What you need to do: Below are some entries. Repeat exactly the lines from the one with "Packs Sillas Comedor" through the one with "Play-Doh Pizza Delivery", and only those.

Working data:
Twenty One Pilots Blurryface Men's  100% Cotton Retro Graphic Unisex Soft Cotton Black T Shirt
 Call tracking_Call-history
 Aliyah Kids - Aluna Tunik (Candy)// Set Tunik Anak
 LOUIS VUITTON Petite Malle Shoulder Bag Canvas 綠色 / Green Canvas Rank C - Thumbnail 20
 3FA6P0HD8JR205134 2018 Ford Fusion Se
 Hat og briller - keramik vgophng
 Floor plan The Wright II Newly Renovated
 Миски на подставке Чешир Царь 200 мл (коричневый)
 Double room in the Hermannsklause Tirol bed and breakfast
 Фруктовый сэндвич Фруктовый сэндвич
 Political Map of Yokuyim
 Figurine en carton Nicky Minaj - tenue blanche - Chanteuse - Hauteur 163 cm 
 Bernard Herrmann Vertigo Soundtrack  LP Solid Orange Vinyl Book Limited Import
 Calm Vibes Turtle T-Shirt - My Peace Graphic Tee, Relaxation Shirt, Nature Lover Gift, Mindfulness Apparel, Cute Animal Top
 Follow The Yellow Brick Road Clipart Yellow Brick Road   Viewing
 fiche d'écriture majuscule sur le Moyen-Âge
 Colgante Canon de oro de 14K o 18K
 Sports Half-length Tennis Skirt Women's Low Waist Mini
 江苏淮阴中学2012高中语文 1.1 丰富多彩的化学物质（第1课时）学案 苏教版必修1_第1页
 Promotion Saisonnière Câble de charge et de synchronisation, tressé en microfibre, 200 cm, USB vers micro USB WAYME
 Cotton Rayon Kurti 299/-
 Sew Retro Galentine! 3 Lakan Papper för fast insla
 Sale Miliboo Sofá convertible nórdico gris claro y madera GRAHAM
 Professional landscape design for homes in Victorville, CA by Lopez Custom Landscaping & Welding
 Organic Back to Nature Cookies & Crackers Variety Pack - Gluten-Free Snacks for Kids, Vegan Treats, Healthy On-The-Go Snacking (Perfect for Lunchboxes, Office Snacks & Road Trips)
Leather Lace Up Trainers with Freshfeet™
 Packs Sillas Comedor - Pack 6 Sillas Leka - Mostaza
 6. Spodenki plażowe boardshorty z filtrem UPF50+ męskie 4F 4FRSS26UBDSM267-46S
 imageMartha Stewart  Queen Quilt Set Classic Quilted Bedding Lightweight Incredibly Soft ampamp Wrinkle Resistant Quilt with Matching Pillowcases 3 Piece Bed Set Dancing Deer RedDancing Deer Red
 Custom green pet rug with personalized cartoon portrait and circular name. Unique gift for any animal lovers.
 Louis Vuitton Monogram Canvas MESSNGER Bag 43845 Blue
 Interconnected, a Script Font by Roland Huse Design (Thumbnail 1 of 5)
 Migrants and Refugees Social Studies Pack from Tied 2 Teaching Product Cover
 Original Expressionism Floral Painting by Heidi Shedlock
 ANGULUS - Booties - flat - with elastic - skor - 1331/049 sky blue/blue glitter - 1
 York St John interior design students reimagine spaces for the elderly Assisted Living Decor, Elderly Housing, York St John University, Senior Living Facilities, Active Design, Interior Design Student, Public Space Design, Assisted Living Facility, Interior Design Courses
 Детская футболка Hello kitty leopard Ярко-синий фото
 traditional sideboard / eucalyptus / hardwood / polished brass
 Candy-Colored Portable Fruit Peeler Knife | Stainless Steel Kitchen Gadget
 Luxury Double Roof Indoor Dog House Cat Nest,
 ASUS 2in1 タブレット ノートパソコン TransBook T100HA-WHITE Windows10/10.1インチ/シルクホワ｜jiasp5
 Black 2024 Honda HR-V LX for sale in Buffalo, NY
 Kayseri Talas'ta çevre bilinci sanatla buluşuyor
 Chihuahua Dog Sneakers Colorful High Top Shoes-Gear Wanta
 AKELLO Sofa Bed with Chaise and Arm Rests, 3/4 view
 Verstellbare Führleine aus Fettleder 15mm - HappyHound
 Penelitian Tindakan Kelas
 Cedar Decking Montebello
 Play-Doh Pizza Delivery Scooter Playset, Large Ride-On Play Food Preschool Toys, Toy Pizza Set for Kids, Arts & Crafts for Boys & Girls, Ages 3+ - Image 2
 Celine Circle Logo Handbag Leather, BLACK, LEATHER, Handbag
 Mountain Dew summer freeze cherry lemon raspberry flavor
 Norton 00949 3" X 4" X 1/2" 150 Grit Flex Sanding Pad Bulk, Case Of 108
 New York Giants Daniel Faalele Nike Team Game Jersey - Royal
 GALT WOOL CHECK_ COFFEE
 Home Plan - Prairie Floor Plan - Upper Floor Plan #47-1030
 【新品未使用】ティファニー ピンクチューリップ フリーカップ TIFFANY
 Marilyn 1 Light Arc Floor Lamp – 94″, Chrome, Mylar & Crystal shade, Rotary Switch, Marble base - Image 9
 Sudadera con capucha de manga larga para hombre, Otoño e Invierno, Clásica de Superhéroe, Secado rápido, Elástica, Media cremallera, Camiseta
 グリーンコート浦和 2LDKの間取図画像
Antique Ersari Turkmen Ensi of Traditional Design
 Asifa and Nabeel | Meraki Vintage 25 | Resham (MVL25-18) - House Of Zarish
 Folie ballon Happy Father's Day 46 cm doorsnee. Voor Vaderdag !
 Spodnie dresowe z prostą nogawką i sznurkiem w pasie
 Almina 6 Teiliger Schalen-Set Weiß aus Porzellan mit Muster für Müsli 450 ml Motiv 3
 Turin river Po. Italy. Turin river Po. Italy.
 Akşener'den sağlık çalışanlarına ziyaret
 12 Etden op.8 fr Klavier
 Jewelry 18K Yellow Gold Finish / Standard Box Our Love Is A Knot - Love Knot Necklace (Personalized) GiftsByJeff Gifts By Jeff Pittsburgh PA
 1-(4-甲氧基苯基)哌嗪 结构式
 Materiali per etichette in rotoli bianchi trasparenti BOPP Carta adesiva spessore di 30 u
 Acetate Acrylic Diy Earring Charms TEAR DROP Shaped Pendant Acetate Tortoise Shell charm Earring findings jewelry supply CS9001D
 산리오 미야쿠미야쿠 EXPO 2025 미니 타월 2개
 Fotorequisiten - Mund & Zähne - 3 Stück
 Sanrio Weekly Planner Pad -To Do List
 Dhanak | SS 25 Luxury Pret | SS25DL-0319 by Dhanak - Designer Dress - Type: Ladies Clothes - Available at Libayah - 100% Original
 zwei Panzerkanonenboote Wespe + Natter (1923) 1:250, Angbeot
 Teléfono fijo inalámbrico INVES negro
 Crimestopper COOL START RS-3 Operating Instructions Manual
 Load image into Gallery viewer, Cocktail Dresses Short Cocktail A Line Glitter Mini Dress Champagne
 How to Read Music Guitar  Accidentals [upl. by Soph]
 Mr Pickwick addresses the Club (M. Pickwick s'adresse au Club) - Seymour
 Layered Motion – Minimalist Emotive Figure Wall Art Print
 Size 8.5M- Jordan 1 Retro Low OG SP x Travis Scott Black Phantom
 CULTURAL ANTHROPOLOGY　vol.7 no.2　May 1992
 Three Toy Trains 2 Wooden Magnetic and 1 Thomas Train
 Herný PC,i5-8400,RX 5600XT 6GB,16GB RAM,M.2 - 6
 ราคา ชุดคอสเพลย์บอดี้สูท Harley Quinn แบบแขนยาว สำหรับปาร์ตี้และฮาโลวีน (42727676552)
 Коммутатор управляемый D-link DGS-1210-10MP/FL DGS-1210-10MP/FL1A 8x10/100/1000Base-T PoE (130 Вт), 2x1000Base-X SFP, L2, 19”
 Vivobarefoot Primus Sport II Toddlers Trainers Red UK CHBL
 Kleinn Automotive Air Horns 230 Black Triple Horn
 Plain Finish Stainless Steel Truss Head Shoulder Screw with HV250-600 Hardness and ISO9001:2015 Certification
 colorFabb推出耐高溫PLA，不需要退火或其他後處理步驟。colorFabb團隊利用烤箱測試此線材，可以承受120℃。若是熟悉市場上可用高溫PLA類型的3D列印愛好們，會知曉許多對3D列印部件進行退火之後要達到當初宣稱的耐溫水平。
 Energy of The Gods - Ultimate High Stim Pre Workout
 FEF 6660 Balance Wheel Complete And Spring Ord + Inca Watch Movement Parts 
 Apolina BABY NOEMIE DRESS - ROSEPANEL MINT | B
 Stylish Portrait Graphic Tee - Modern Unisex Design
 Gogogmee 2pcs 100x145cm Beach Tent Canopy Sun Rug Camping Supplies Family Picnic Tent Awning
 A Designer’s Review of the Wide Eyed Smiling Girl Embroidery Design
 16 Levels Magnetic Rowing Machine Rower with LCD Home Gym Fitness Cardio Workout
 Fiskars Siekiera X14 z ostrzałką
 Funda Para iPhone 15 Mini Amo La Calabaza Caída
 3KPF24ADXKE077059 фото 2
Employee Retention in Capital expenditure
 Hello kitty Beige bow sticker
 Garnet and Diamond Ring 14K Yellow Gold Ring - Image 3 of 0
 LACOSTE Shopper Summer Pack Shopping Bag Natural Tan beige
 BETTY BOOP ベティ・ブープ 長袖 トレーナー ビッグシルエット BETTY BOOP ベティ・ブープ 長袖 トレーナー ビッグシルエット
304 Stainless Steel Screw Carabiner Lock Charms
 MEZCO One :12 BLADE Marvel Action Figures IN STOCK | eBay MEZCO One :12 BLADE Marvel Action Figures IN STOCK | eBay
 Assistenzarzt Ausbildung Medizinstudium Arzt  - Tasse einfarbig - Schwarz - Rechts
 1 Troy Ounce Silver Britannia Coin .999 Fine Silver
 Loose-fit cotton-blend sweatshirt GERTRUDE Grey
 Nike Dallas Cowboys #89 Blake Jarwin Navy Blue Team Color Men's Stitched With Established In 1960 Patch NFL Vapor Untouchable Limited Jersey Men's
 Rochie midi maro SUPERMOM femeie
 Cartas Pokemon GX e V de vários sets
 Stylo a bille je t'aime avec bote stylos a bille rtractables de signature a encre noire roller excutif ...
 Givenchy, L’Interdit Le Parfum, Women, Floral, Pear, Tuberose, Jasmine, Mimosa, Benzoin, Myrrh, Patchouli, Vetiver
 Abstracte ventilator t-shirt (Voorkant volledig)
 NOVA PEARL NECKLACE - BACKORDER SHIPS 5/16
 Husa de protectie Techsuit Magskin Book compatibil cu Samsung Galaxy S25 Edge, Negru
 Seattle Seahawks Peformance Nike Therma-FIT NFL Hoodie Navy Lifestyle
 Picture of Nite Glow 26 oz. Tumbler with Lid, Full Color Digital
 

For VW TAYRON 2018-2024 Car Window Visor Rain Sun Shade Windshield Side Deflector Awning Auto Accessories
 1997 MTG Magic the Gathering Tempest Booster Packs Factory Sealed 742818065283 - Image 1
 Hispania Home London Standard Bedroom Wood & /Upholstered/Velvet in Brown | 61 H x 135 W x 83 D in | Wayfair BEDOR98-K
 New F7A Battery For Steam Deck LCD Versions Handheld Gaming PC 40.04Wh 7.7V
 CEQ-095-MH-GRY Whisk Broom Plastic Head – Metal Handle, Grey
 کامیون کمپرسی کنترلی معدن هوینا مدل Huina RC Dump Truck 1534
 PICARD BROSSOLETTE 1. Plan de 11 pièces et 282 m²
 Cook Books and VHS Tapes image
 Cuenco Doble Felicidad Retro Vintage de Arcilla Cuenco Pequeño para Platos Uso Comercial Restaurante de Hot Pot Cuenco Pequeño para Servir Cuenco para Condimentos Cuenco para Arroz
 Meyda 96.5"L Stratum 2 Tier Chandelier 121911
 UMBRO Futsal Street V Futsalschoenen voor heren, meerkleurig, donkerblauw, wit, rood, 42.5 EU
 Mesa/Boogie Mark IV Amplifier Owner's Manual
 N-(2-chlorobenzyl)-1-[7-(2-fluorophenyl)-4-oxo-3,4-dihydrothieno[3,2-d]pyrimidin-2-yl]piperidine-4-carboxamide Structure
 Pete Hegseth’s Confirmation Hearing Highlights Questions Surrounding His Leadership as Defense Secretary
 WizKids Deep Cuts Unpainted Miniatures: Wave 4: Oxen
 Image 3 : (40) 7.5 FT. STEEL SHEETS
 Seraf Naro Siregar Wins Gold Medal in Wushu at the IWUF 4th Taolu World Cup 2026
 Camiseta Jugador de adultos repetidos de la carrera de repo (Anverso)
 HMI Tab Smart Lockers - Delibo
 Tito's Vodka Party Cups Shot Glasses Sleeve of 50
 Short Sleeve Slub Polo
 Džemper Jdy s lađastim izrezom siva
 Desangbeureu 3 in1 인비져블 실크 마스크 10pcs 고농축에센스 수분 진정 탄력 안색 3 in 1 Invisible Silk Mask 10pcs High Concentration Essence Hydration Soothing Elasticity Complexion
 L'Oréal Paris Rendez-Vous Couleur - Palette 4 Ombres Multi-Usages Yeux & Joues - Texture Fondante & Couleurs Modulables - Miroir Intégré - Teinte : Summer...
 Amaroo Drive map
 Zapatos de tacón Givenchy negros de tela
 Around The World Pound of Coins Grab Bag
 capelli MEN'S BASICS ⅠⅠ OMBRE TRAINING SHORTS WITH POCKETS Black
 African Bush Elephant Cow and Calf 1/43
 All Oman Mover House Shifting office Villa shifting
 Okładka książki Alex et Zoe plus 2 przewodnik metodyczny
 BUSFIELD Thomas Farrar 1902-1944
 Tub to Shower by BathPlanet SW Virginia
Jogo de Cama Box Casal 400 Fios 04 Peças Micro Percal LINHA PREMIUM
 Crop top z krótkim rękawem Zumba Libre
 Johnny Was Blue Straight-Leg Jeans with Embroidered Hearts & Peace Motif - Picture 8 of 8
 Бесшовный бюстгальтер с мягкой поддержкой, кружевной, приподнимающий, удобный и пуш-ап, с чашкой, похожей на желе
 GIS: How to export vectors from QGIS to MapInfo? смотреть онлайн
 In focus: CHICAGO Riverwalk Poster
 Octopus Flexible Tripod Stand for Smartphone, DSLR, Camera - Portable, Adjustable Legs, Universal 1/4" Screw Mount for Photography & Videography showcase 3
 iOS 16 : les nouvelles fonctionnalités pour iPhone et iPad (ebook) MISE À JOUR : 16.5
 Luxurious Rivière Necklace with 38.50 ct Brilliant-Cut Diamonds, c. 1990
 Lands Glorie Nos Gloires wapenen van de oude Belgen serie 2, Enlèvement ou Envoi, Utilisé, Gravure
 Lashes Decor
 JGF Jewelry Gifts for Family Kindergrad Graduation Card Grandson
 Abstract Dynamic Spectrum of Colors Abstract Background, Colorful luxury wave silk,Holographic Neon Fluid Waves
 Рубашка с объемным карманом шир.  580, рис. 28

Expected answer:
 Packs Sillas Comedor - Pack 6 Sillas Leka - Mostaza
 6. Spodenki plażowe boardshorty z filtrem UPF50+ męskie 4F 4FRSS26UBDSM267-46S
 imageMartha Stewart  Queen Quilt Set Classic Quilted Bedding Lightweight Incredibly Soft ampamp Wrinkle Resistant Quilt with Matching Pillowcases 3 Piece Bed Set Dancing Deer RedDancing Deer Red
 Custom green pet rug with personalized cartoon portrait and circular name. Unique gift for any animal lovers.
 Louis Vuitton Monogram Canvas MESSNGER Bag 43845 Blue
 Interconnected, a Script Font by Roland Huse Design (Thumbnail 1 of 5)
 Migrants and Refugees Social Studies Pack from Tied 2 Teaching Product Cover
 Original Expressionism Floral Painting by Heidi Shedlock
 ANGULUS - Booties - flat - with elastic - skor - 1331/049 sky blue/blue glitter - 1
 York St John interior design students reimagine spaces for the elderly Assisted Living Decor, Elderly Housing, York St John University, Senior Living Facilities, Active Design, Interior Design Student, Public Space Design, Assisted Living Facility, Interior Design Courses
 Детская футболка Hello kitty leopard Ярко-синий фото
 traditional sideboard / eucalyptus / hardwood / polished brass
 Candy-Colored Portable Fruit Peeler Knife | Stainless Steel Kitchen Gadget
 Luxury Double Roof Indoor Dog House Cat Nest,
 ASUS 2in1 タブレット ノートパソコン TransBook T100HA-WHITE Windows10/10.1インチ/シルクホワ｜jiasp5
 Black 2024 Honda HR-V LX for sale in Buffalo, NY
 Kayseri Talas'ta çevre bilinci sanatla buluşuyor
 Chihuahua Dog Sneakers Colorful High Top Shoes-Gear Wanta
 AKELLO Sofa Bed with Chaise and Arm Rests, 3/4 view
 Verstellbare Führleine aus Fettleder 15mm - HappyHound
 Penelitian Tindakan Kelas
 Cedar Decking Montebello
 Play-Doh Pizza Delivery Scooter Playset, Large Ride-On Play Food Preschool Toys, Toy Pizza Set for Kids, Arts & Crafts for Boys & Girls, Ages 3+ - Image 2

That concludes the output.